A brain tumor is an uncontrolled and abnormal proliferation of cells in the brain leading to catastrophic consequences. There are two broad categories of brain tumors namely non-cancerous (benign) and cancerous (malignant) based on the growth pattern, spread, and the frequency of recurrence rate.

Glioblastoma Multiforme

The benign tumor grows locally and is non-spreading or non-metastasizing, whereas malignant tumors grow aggressively and spread to other parts of the body from the site of origin (metastasis). As the brain is the most vital epicenter for all functional control and processes of the body, the uncontrolled proliferation of cells creates havoc in causing symptoms of seizures, vision problems or blurred vision, nausea, headaches, drowsiness, and even paralysis. However, some benign tumors are asymptomatic (without any detectable symptoms). Metastatic brain tumors are also called secondary brain tumors contrary unlike primary brain tumors.
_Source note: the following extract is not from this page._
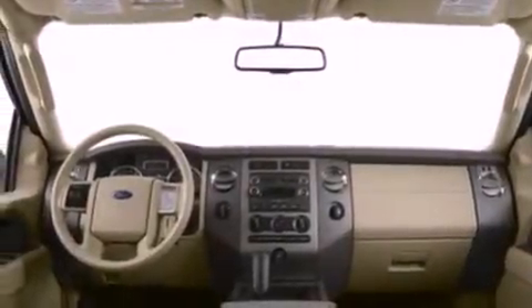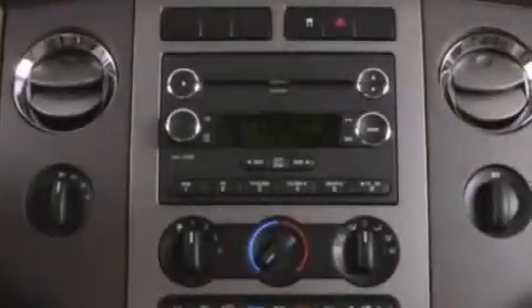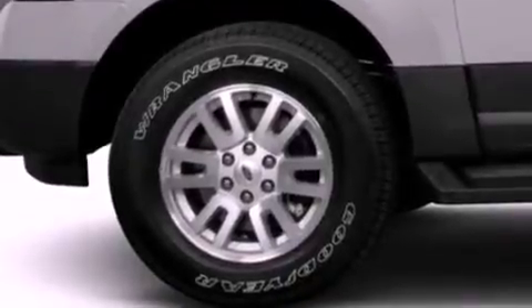The following features are also included: memory settings for the driver seat's positions, so you can recall your favorite position with the push of one button, dual power seats, a power rear lift tailgate, leather seats, and a trailer hitch receiver.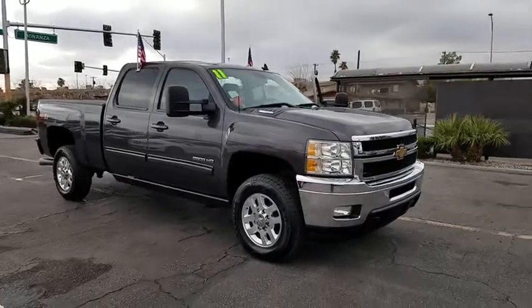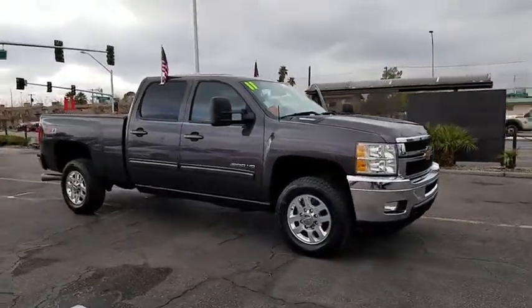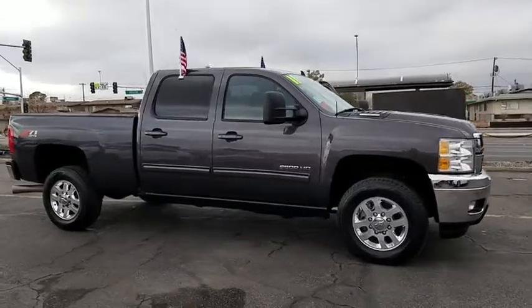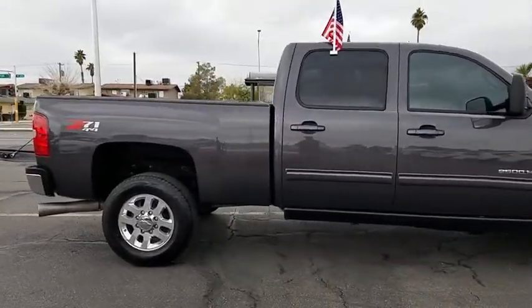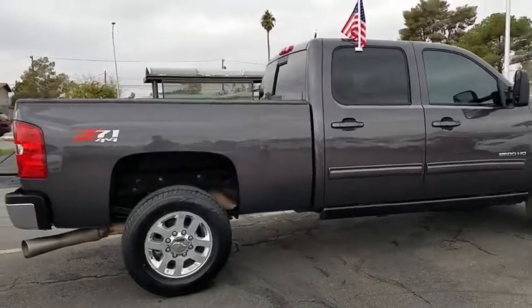2011 Chevrolet Silverado 2500 HD. This pickup truck pulls unlike any other. This vehicle has less than 55,000 miles. Here are some of this vehicle's great options.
Primary tumors may be classified as glial tumors or gliomas (composed of glial cells) and non-glial tumors (developed on or in the structures of the brain, including nerves, blood vessels, and glands). Central nervous system (CNS) tumors contribute to approximately 2% of all malignancies. About 80% of malignant brain tumors may be gliomas. Glioblastoma multiforme (GBM) is a grade IV glioma, also called glioblastoma, and is one of the most lethal cancers of CNS in adults.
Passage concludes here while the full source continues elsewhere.